Scrum proposes a set of stuff which is tightly coupled. Some people believe that you have to do everything correctly to actually benefit. I reject that thinking and consider the parts of Scrum as tools that can be useful individually. You shall introducing Scrum to a team piece-wise anyways. Unfortunately, I find it hard to find some documentation on how to pick a single technique from Scrum and understand it. Why is it useful for which problems? What is necessary? What is counter-productive? In this article I do that for "story points" without pulling in other Scrum techniques.
The actual goal we have is to predict how much value we can produce in what time. One of the basic ideas is statistical control, which comes from Walter A. Shewhart. The gist is that you use statistics to establish upper and lower boundaries of your output. If a measurement is outside those boundaries we assume a special cause (outlier) for the variation and we handle the case individually. If you manage to eliminate all special causes for a while the system is considered "stable". Achieving this you can make predictions. You can also try to improve the boundaries since you have clear metrics to guide you. To affect the variations within the boundaries we have to change the underlying system instead of looking at individual things.

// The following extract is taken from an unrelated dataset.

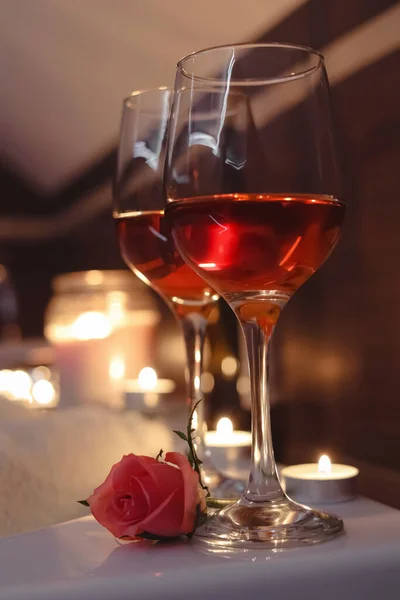 Egy Üveg Bor Rózsa Fürdőszobában Romantikus Hangulat — Stock Fotó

Can we apply this method to software development directly? One counter argument would be that work items (tickets, stories, bugs, features) differ a lot. This is not industrial manufacturing pumping out thousands of identical pieces as day. Instead a software engineer might solve between one and ten work items per week. So we just end up with a variation so large that it is useless. How could we make work items comparable? We can assign a weight such that if you divide by that weight you normalize the values. We could call that weights "story points".
This resolves the discussion if Scrum Story Points are "effort" or "complexity" or "time". Make them whatever you want to control for. Usually it will be something corresponding to "man hours".
It also explains why you should not care how much 1 story point is. It does not matter to which base you normalize. The only objective is to make stories comparable. If you want to compare two sprints where the team estimated or delivered a different amount of story points, you just normalize again. There is no inherent meaning in an amount of story points. They only serve to compare. A story with 20 story points is twice as much as a story with 10 story points. That relation is the same if the stories are 4 and 2 story points.
We also see shortcomings in Scrum compared to Shewhart's approach. Something like a burndown chart just assumes that the system is stable and that all points are within the boundaries. Scrum does not care about the distinction between common and special causes. Scrum does not care about the feedback loop: Estimated story points are a prediction. You should review predictions in hindsight to calibrate for future predictions. Scrum probably works in small teams because this learning and calibration happens implicitly. No wonder it fails for larger projects where such learning must be formalized, otherwise the knowledge takes to long to reach everybody.